これには、:py:func:to_sql の dtype 引数に列名とDBデータとしての型からなる辞書を指定しておきます。
with sqlite3.connect("b02_01.db") as con:
df.to_sql("population",con=con,if_exists="replace",schema="CENSUS",
dtype=dict(((k, "INTEGER") for k in fields[5:-2])),
)
全国の人口データは後で何度も使うので、専用のクラスを作っておきます。
class JPN_Population(object):
def __init__(self):
with sqlite3.connect("b02_01.db") as con:
q=con.execute("select * from population where 国籍総数か日本人 = '0_国籍総数' and 地域名 = '00000_全国'")
self.total, self.male, self.female=q.fetchall()
@property
def population_total(self):
return self.total[5:-9]
@property
def population_male(self):
return self.male[5:-9]
@property
def population_female(self):
return self.female[5:-9]
JPN=JPN_Population()
with sqlite3.connect("b02_01.db") as con:
prefectures=[e[0] for e in con.execute("select distinct 地域名 from population where 地域識別コード == 'a' ;").fetchall()]
# prefectures
このデータを使って、Wikipediaの地方自治体の項目でよく表示される年齢別の人口分布のグラフを作成してみましょう。 男女を区別しない総数でのグラフと男女を分けた人口分布のグラフの2種類を各都道府県毎に作成します。
import matplotlib
import matplotlib.pyplot as pyplot
from matplotlib import rcParams
rcParams['font.sans-serif'].insert(0,"IPAexGothic") # for Japanese fonts in titles
rcParams['font.serif'].insert(0,"IPAPMincho") # for Japanese fonts in titles
rcParams['figure.max_open_warning']=48
def draw_graph(areaname):
"""
arows : result of con.execute("select * from population where 地域名 = <地域名>'")
"""
with sqlite3.connect("b02_01.db") as con:
q=con.execute(f"select * from population where 国籍総数か日本人 = '0_国籍総数' and 地域名 = '{areaname}'")

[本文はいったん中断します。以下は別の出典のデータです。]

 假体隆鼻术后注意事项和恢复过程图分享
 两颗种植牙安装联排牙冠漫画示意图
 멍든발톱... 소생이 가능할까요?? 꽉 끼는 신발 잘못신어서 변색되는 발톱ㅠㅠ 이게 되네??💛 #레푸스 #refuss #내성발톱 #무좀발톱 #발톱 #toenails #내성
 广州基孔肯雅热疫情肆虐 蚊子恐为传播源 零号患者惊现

total, male, female=q.fetchall()
fig,axes=pyplot.subplots(1,2)
fig.set_size_inches(16,9)
xlbl=lbl_ages
xlabels=xlbl[:-2:10]+xlbl[-1:]
xticks=[xlbl.index(l) for l in xlabels]
axes[0].set_xticks(xticks, xlabels, rotation=-90)

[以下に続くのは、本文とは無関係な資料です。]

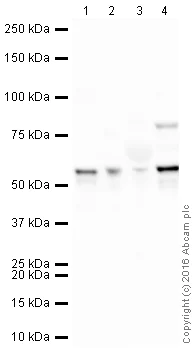 Western blot - HRP Anti-Fibrinogen beta chain antibody [EPR3083] (AB212218)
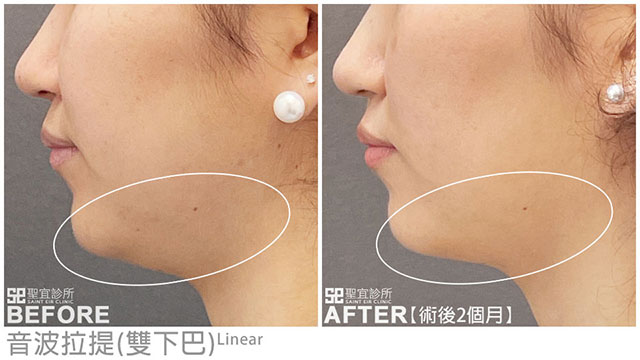 音波拉提案例見證(雙下巴)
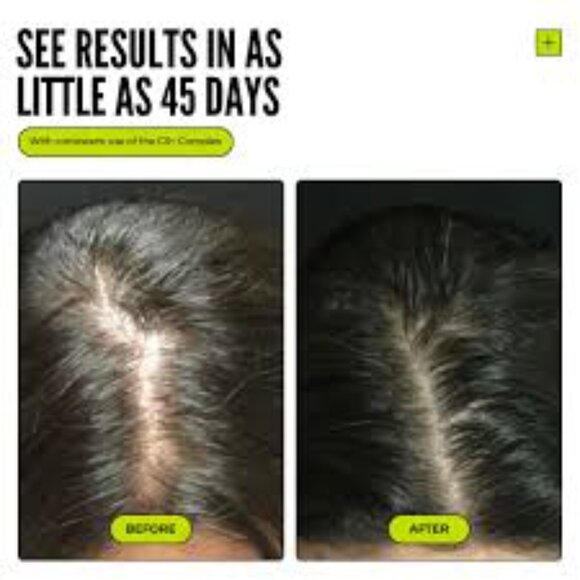 Clean Slate Thickening Hair Growth Combo , ( 59ml X 2 ) - Picture 2 of 6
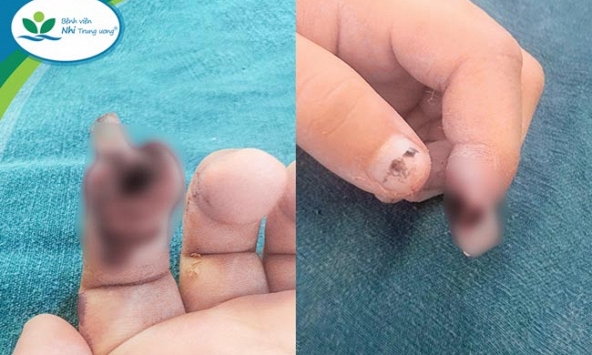 Bé gái 3 tuổi ở Hà Nội bị đứt rời búp ngón tay do kẹp vào cửa kính thuỷ lực ở siêu thị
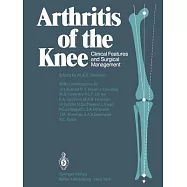 Arthritis of the Knee: Clinical Features and Surgical Management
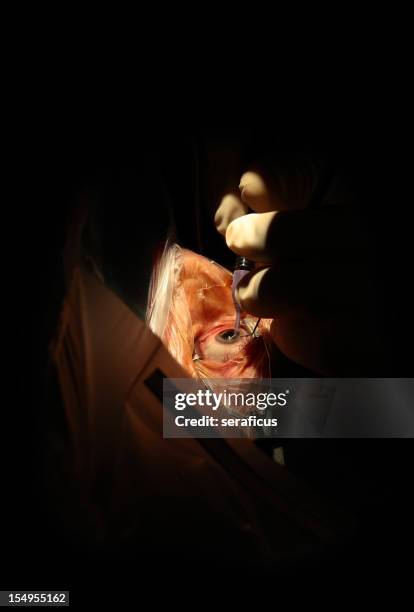 eye surgery: cataract - surgical glove stock pictures, royalty-free photos & images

axes[1].set_xticks(xticks, xlabels, rotation=-90)
axes[0].plot(
xlbl, [0 if v=='-' else 100*v/total[5] for v in total[6:-9]],
label=areaname.split("_")[1],
ds="steps", color="violet", ls="-")
axes[0].plot(
xlbl, [0 if v=='-' else 100*v/JPN.population_total[0] for v in JPN.population_total[1:]],
label="日本全国",
ds="steps", color="green",ls=":")
axes[0].legend()
axes[1].plot(
xlbl, [0 if v=='-' else 100*v/total[5] for v in male[6:-9] ],
label="男性",ls="-",
ds="steps", color="blue")
axes[1].plot(
xlbl, [0 if v=='-' else 100*v/total[5] for v in female[6:-9]],
label="女性", ls="--", ds="steps", color="red")
axes[1].plot(
xlbl, [0 if v=='-' else 100*v/JPN.population_total[0] for v in JPN.population_male[1:]],
label="男性(全国)", ls="-",
ds="steps", color="cyan")
axes[1].plot(
xlbl, [0 if v=='-' else 100*v/JPN.population_total[0] for v in JPN.population_female[1:]],
label="女性(全国)", ls="--",
ds="steps", color="pink")
pyplot.legend()
pyplot.draw()
for pref in prefectures[1:]:
draw_graph(pref)
人口データの最後の列は「'年齢「不詳」'」です。全国のデータでは約2%の人口がこのカテゴリに入っています。 各年齢に割り振れば0.02%程度の誤差となるわけですが、意外に多いなという感じです。 Wikipediaのグラフは2005年のデータを元にしているようですので、ベビーブーマーのピークなどが並行移動しているのがわかります。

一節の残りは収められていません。